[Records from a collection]
+ + + +

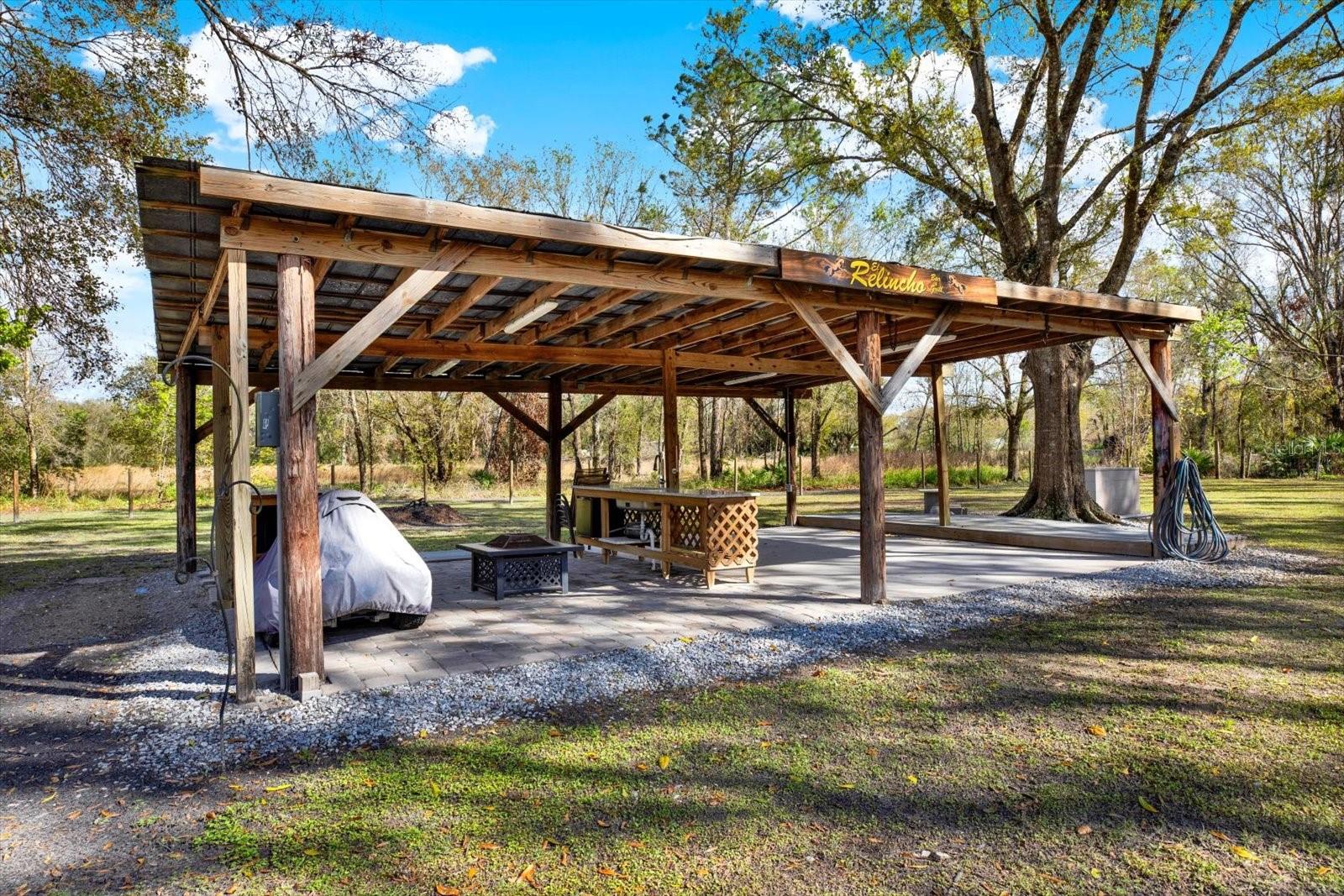 Outdoor grilling area including space to entertain.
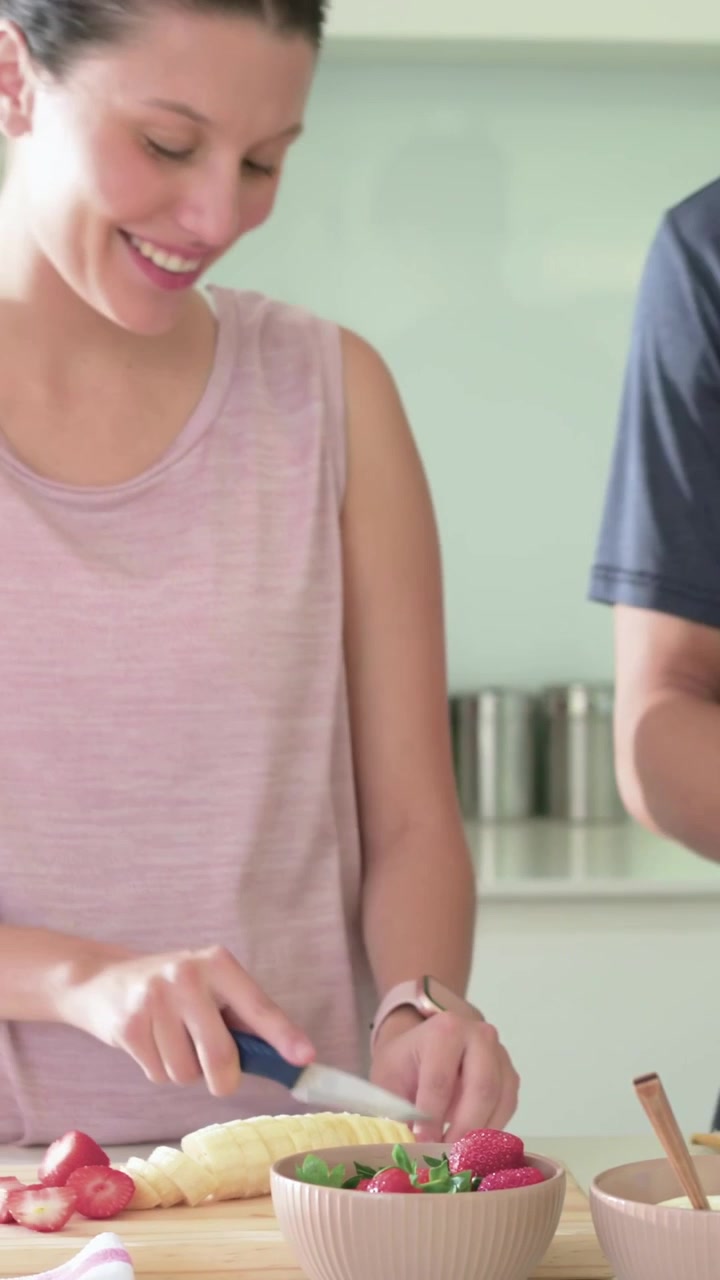Video verticale: Donna che inizia la preparazione in cucina, con top rosa, affetta frutti di bosco e banana per una ciotola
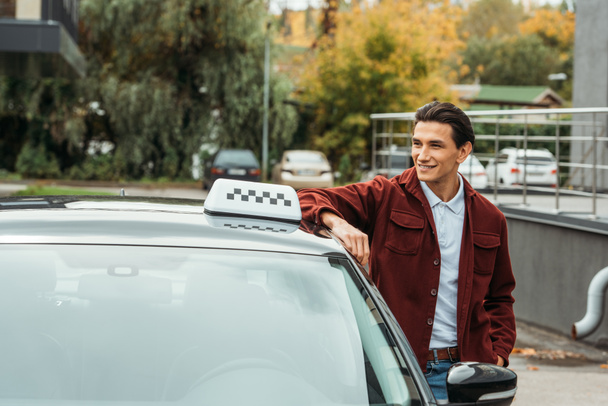 Glimlachende taxichauffeur kijkt naar weg naast de auto - Foto, afbeelding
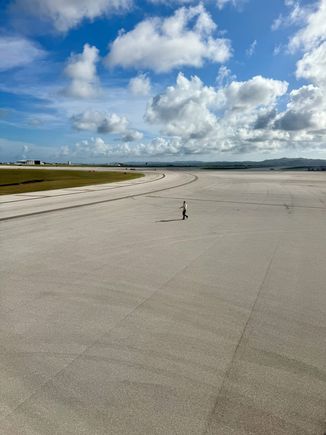 Standard friendly JAL wing walker escort and wave off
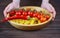 A woman holds a wooden plate with macaroni, cherry tomatoes and red pepper in her hands. Rustic natural organic food.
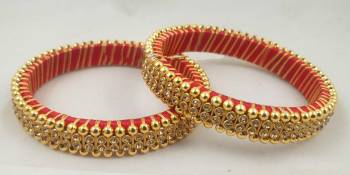 Get This Lovely Pair Of Bangles To Wear It With Your Ethnic Wear. This Pretty Pair Can Be Wore Single Or Can Be Mixed With Other Simple Bangles For Heavy Look. 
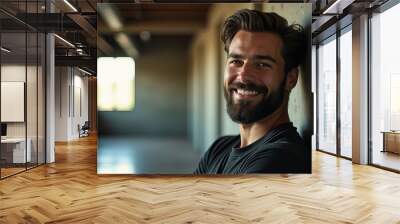 A man with a beard and a smile is standing in front of a wall Wall mural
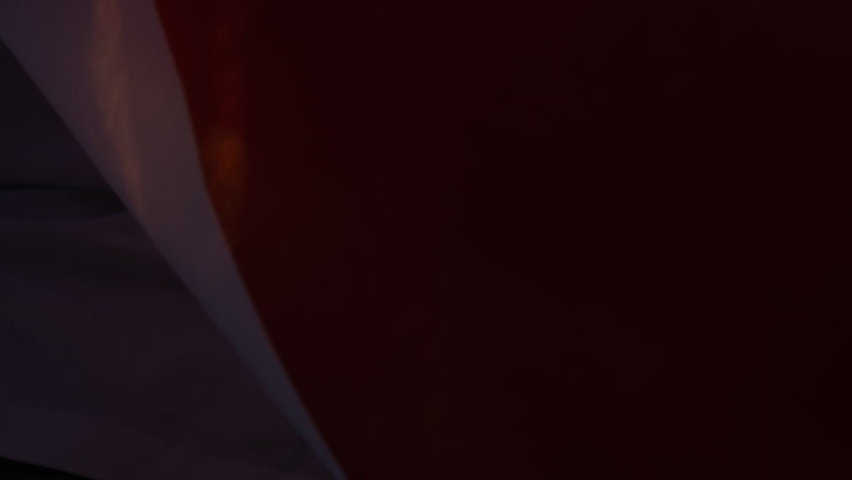 Selective focus view from back of young mother and cute daughter running with American flag during sunset. 4 of July, Independence day celebration. Slow-motion. Patriotic holiday, democracy concept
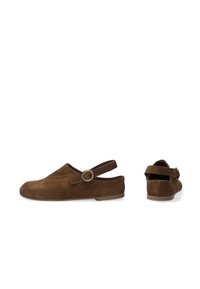 Brune ruskind slip-on sko med en bagside og cirkulær dekor. Glat overflade, afrundet tå og flad sål.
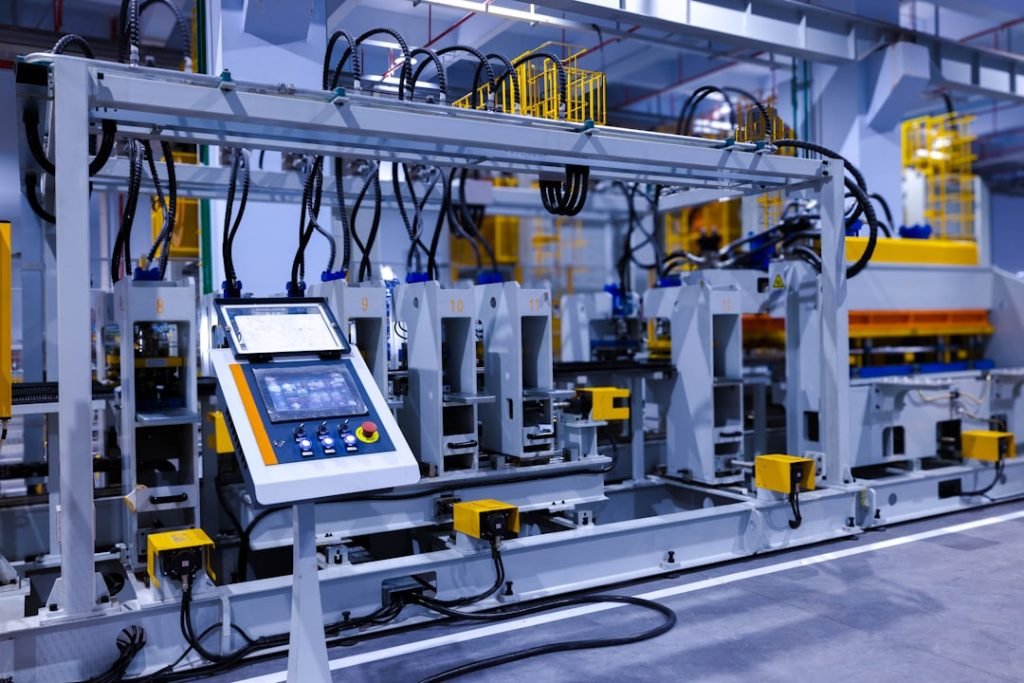 A view of the refrigerator manufacturing plants fully automated side panel forming line.Translation: Warning:Danger Prohibit reach into;elecric shock;must connect an earth terminal to the ground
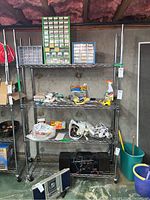 Full view of four-tier NSF rolling wire shelf unit with various items placed on shelves but not included in sale.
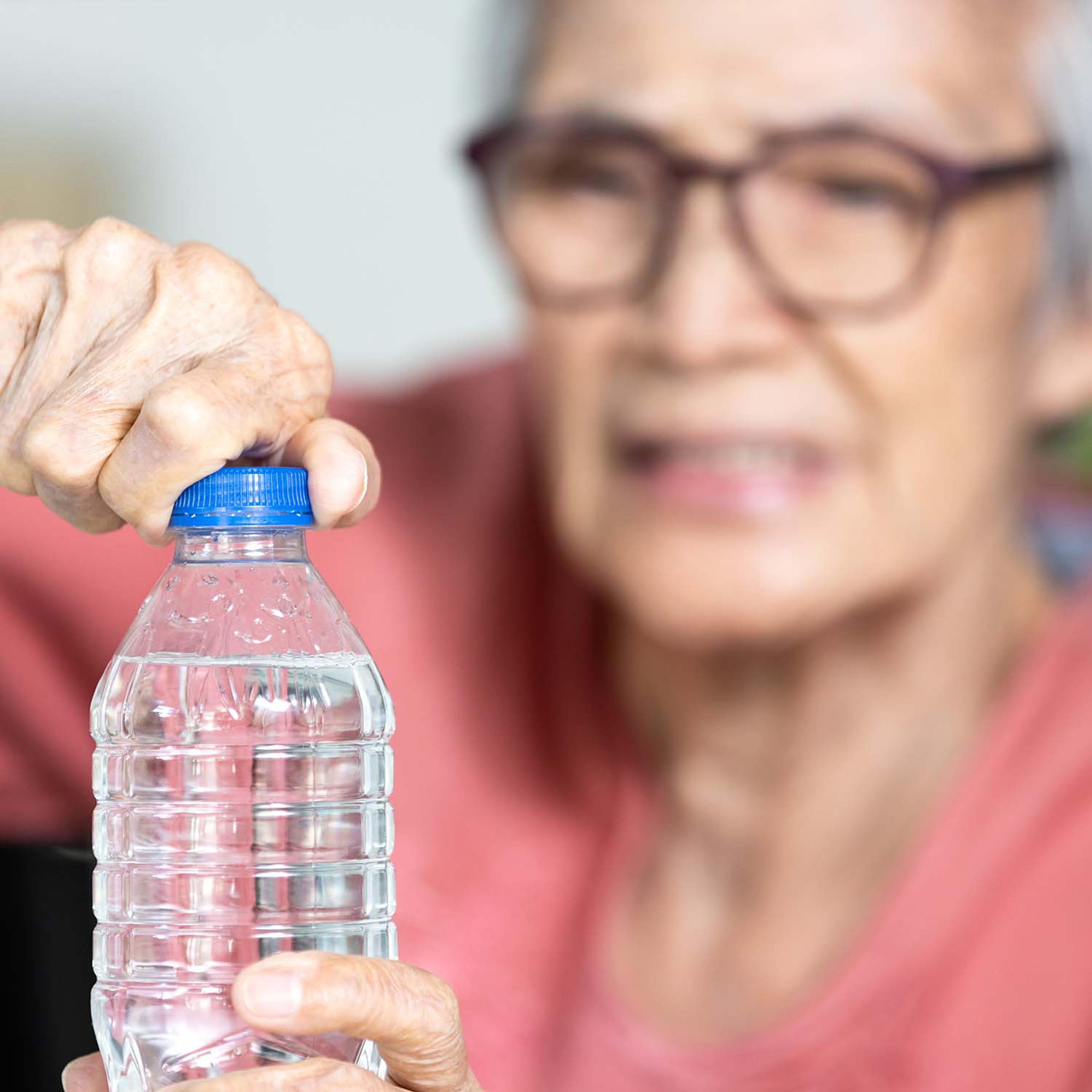 An elderly person's hands struggle to open a water bottle, with their blurred face showing effort.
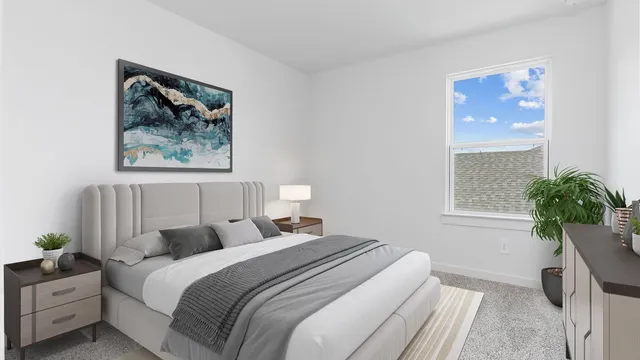 a bedroom with bed and a potted plant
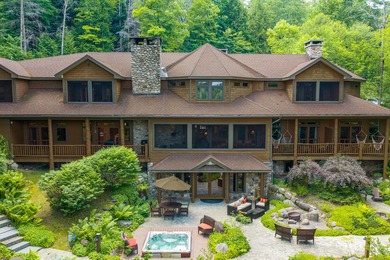 Set along the pristine shores of private Friends Lake in the - photo 2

+ + + +

-- What the exercise asks --
Write the records out once more, exactly as they appear, with no pictures.

-- Solution to this task --
 Outdoor grilling area including space to entertain.
Video verticale: Donna che inizia la preparazione in cucina, con top rosa, affetta frutti di bosco e banana per una ciotola
 Glimlachende taxichauffeur kijkt naar weg naast de auto - Foto, afbeelding
 Standard friendly JAL wing walker escort and wave off
 A woman holds a wooden plate with macaroni, cherry tomatoes and red pepper in her hands. Rustic natural organic food.
 Get This Lovely Pair Of Bangles To Wear It With Your Ethnic Wear. This Pretty Pair Can Be Wore Single Or Can Be Mixed With Other Simple Bangles For Heavy Look. 
 A man with a beard and a smile is standing in front of a wall Wall mural
 Selective focus view from back of young mother and cute daughter running with American flag during sunset. 4 of July, Independence day celebration. Slow-motion. Patriotic holiday, democracy concept
 Brune ruskind slip-on sko med en bagside og cirkulær dekor. Glat overflade, afrundet tå og flad sål.
 A view of the refrigerator manufacturing plants fully automated side panel forming line.Translation: Warning:Danger Prohibit reach into;elecric shock;must connect an earth terminal to the ground
 Full view of four-tier NSF rolling wire shelf unit with various items placed on shelves but not included in sale.
 An elderly person's hands struggle to open a water bottle, with their blurred face showing effort.
 a bedroom with bed and a potted plant
 Set along the pristine shores of private Friends Lake in the - photo 2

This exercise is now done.